Recursive Belief Vision Language Action Models

Vision-language-action models must enable agents to execute long-horizon tasks under partial observability. However, most existing approaches remain observation-driven, relying on short context windows or repeated queries to vision-language models (VLMs). This leads to loss of task progress, action repetition under perceptual aliasing, and high inference latency. While semantic grounding is important, long-horizon manipulation fundamentally requires persistent, action-conditioned state representations. Current VLAs lack such representations and exhibit limited temporal and physical reasoning, making them ill-suited for multi-stage control. This paper introduces RB-VLA, a belief-centric architecture trained with self-supervised world-model objectives that maintains a compact latent state encoding task-relevant history, dynamics, and object interactions. Queried once per task, the VLM provides high-level intent, while the belief tracks task progress and enables phase-aware, causally grounded control under partial observability without storing raw observations or scaling memory with time. The belief and intent jointly condition a diffusion policy for robust closed-loop execution. RB-VLA outperforms prior VLAs on long-horizon benchmarks, achieving 52.5 percent and 37.5 percent higher success rates on multi-stage pick-and-place and stacking tasks, respectively, compared to pi_0. It also reduces inference latency by up to five times relative to baselines and eliminates memory growth across timesteps observed in existing VLAs. Ablations show the belief module is the primary driver of performance, increasing success rates from 32.5 percent without belief to 77.5 percent with belief.

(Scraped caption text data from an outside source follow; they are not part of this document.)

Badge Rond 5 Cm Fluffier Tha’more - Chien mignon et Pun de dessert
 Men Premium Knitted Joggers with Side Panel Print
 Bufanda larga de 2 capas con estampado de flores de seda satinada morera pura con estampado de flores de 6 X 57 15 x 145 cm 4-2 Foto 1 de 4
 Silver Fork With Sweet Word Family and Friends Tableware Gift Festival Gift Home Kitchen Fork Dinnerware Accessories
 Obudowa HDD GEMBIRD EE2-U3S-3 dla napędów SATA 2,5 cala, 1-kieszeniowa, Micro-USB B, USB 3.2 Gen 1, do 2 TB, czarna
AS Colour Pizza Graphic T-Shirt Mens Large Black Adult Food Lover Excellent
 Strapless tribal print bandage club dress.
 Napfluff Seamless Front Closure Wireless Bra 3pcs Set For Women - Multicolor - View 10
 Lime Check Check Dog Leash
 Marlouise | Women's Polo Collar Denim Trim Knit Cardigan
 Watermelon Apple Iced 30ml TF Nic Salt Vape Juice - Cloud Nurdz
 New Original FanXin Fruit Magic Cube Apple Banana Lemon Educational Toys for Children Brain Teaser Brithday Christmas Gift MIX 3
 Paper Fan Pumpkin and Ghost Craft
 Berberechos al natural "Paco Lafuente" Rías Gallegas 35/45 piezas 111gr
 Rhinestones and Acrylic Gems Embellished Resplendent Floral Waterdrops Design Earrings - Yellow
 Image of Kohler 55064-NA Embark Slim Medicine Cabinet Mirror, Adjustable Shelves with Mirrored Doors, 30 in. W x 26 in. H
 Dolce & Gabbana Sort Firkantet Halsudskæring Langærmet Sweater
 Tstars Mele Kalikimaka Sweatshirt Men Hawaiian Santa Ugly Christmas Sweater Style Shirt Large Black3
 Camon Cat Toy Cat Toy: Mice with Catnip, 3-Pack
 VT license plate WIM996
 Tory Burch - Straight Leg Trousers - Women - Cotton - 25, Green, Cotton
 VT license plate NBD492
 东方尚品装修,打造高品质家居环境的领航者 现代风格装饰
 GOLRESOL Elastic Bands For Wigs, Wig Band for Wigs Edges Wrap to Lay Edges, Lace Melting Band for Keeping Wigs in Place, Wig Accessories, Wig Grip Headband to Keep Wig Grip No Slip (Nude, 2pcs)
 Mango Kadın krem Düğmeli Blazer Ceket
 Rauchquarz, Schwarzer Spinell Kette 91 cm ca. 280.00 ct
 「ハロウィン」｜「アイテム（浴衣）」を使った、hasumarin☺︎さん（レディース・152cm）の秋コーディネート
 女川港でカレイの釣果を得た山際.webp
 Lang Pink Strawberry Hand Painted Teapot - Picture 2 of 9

翻译：视觉语言动作模型必须使智能体能够在部分可观测条件下执行长时程任务。然而，现有方法大多仍以观测驱动为主，依赖于短上下文窗口或对视觉语言模型的重复查询。这导致任务进度丢失、感知混淆下的动作重复以及高推理延迟。尽管语义基础至关重要，但长时程操作本质上需要持久且以动作为条件的状态表征。当前的视觉语言动作模型缺乏此类表征，并表现出有限的时序与物理推理能力，使其难以适用于多阶段控制任务。本文提出RB-VLA，一种以信念为中心的架构，通过自监督世界模型目标进行训练，能够维持一个紧凑的潜在状态，编码任务相关的历史信息、动态特性及物体交互关系。视觉语言模型在每个任务中仅被查询一次以提供高层意图，而信念模块则跟踪任务进度，并在部分可观测条件下实现基于阶段感知、因果关联的控制，无需存储原始观测数据或随时间扩展内存。信念与意图共同作为扩散策略的条件，以实现鲁棒的闭环执行。在长时程基准测试中，RB-VLA优于先前的视觉语言动作模型，在多阶段抓放与堆叠任务上分别实现了比基线π_0高出52.5%和37.5%的成功率。相较于基线方法，其推理延迟最高降低至五分之一，并消除了现有视觉语言动作模型中随时间步增长的内存开销。消融实验表明，信念模块是性能提升的主要驱动力，将无信念时的32.5%成功率提升至有信念时的77.5%。